I'm given that $R(y)=p(y) * y$ where $p(y)$ and $R(y)$ are functions of $y$
In the question: I need the product rule to find the derivative of $p(y) \cdot y$
I know that the product rule is $\frac{d}{dx}(f(x)\cdot g(x)) = f'(x)g(x) + g'(x)f(x)$.
Would this then give me $p*y + p(y) * 0$?
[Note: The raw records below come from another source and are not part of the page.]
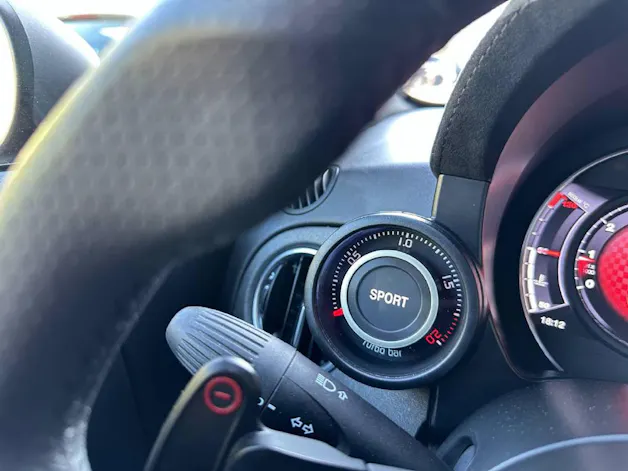 Fiat 595 Abarth 1.4 T-Jet 180 70 Anniversario
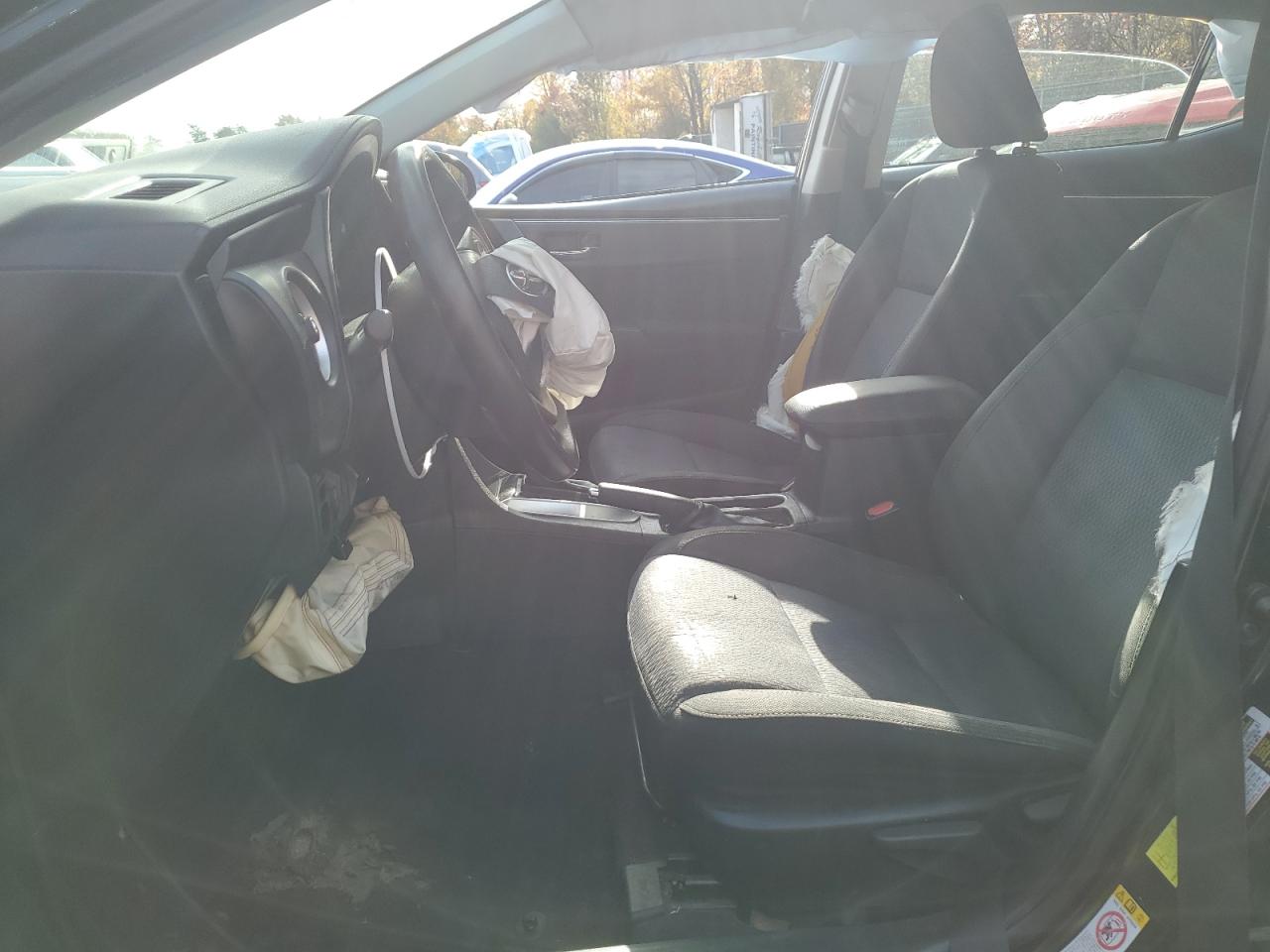 Toyota Corolla L Image 8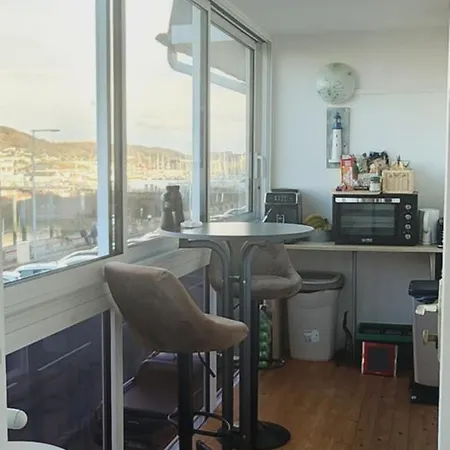 アパート Port De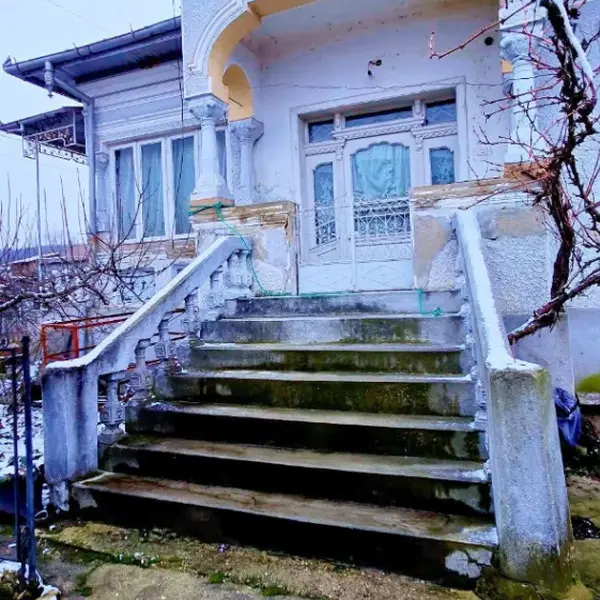 Casă – De Vânzare – Orlești – 4 – camere – Casă de Vânzare în Orlești, Județul Vâlcea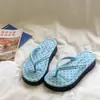 Chanclas de Gato Nuevas con Lunares de Dibujos Animados Lindos de Verano para Mujer, Sandalias de Tira Versátiles Antideslizantes para Exteriores, Moda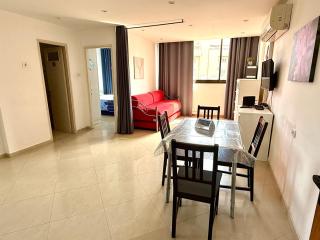 Bel appartement Kikar Hatzmaout, centre et plage - 3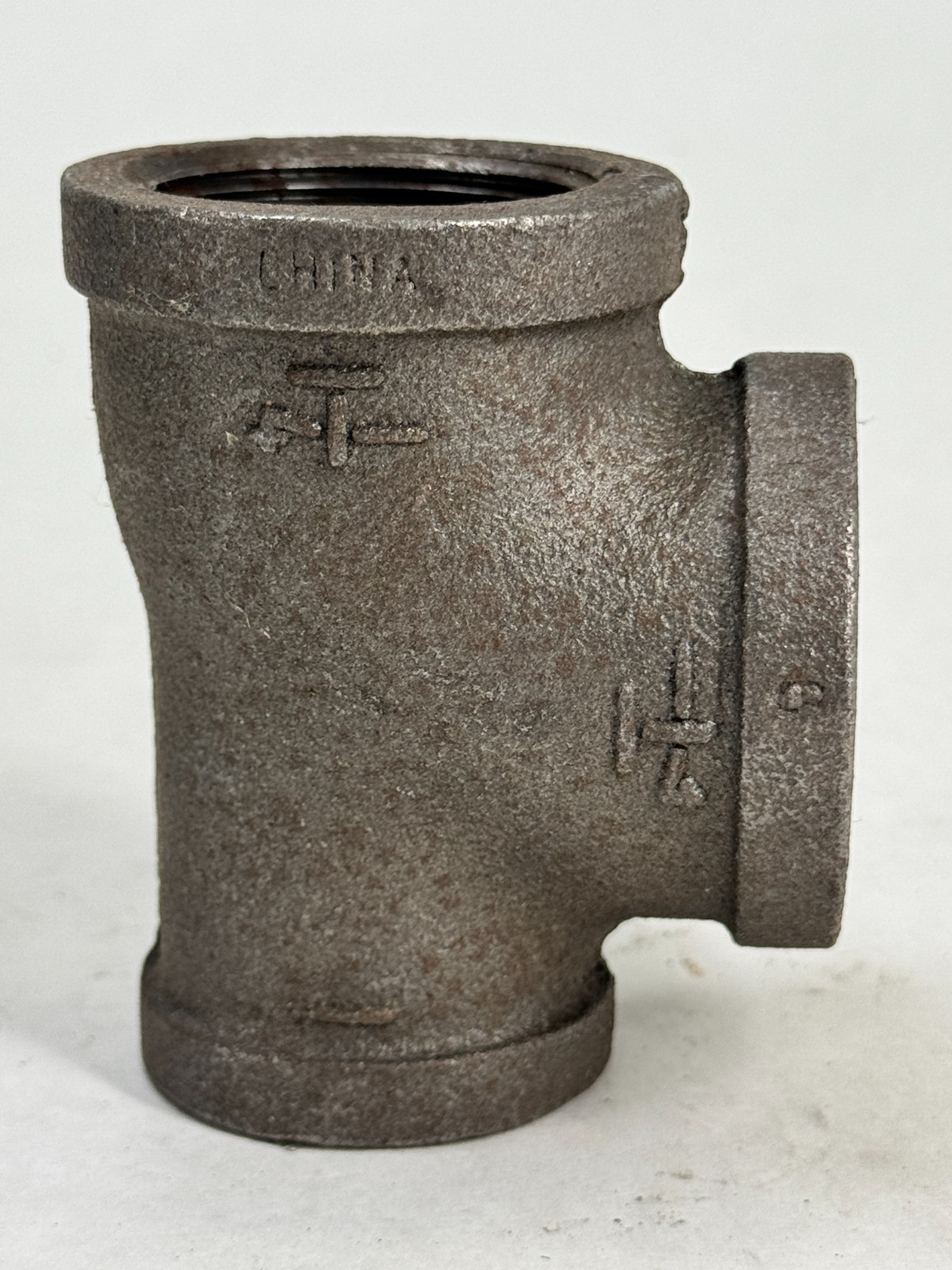 Tee 1-1/4″ x 1″ x 1-1/4″ 150 lb. Threaded Black Malleable Iron BMI Pipe Fitting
$$ \frac{d}{dy}(p(y)\cdot y) = p(y) \frac{d}{dy}(y) + y\frac{d}{dy}(p(x)) \\ \implies \frac{d}{dy}(p(y)\cdot y) = p(y) + y\cdot p'(y). $$
Two things you've mistaken:
$(1)$ The derivative of $y$ with respect to $y$ is $1$ and not $0$. If you define $f(y) = y$, then it is immediately obvious from the definition of a derivative:
$$ \frac{d}{dy}(f(y)) = \lim_{\delta y \to 0} \frac{f(y+\delta y) - f(y)}{\delta y} = \lim_{\delta y\to 0} \frac{y+\delta y-y}{\delta y} = 1. $$
$(2)$ The derivative of $p(y)$ would be denoted by $p'$ and not $p$.